Anyway, I'm looking into an emergency boot floppy so I can change back any stupid changes I make to fstab so I can use it to change back w/o reinstalling a new OS :-)
The gui Hardware Browser can see the 2nd hard drive by the way as /dev/hdb. The system is set up with LVM.
"I have hard drive b (formatted with ext3 from a previous fedora PC) and I want to add the 2nd hard drive to the system w/o wiping out the files on it."
Create an empty directory for each new partition that you want to mount. Add a line to /etc/fstab for each partition on the new hard drive and set the new directories as the mountpoints for the additional partitions. Make sure that the new entries in /etc/fstab are somewhere after the entry for /.

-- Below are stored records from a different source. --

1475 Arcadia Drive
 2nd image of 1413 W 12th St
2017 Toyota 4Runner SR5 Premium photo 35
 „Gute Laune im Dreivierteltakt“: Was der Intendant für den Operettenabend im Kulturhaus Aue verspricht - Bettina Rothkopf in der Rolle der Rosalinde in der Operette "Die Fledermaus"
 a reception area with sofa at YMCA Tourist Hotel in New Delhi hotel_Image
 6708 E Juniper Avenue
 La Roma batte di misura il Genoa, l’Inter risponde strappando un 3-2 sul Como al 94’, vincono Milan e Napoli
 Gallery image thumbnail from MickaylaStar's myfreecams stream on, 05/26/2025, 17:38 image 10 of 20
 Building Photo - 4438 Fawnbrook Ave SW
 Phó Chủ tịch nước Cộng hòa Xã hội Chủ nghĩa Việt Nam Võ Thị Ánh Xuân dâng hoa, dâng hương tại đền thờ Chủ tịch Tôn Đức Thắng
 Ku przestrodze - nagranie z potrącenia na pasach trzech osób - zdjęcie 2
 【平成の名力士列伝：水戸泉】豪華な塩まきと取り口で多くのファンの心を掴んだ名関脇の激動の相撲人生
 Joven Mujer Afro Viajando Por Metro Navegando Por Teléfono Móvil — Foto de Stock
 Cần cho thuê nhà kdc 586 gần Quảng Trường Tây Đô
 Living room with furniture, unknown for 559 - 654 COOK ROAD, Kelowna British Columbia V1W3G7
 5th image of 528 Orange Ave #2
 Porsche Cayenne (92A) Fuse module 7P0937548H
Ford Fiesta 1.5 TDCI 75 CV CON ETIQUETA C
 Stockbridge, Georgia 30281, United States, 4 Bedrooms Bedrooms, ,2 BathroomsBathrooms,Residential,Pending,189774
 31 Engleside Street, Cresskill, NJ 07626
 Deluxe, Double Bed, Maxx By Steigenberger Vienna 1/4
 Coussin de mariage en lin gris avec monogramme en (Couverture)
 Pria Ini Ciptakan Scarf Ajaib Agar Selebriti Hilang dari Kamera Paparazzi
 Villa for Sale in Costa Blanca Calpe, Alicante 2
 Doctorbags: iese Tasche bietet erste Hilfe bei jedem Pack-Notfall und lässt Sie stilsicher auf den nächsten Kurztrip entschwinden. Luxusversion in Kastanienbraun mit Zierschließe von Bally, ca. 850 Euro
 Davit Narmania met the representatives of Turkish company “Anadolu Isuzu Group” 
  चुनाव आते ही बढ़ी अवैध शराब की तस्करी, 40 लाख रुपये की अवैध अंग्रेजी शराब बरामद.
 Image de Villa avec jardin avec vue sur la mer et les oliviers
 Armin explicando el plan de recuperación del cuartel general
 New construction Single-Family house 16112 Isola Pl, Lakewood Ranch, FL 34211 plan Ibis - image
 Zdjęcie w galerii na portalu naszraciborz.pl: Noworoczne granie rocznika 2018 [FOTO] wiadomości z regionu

Hi Steve, thanks for the reply. Here's what I did to fstab:
/dev/hdb/ /dvr ext3 defaults 1 1
I copied the settings for the line that has the /dev/VolGroup00/LogVol00 and put it after the /
directory. The /dvr means I think that I want the drive to show up as /dvr directory.
It didn't get mounted however, even tho it's visible. I'm familiar with Windows formatting and mounting of hard drives. Is the LVM getting in the way? I think I'm going to mess around with trying to manually mount it if I can.
Hi Steve again! I got it this time. I was just playing with the mount command from the command line and figured out that I had to create a dir as a mount point before I could mount the device (because running the command gave me the error that the mount point doesn't exist--so I googled around til I got a page that told me some details and I got it). So I just created /dvr, then ran the mount command, and voila! access.
Then I rebooted and it comes up now automagically. Thanks! Michael.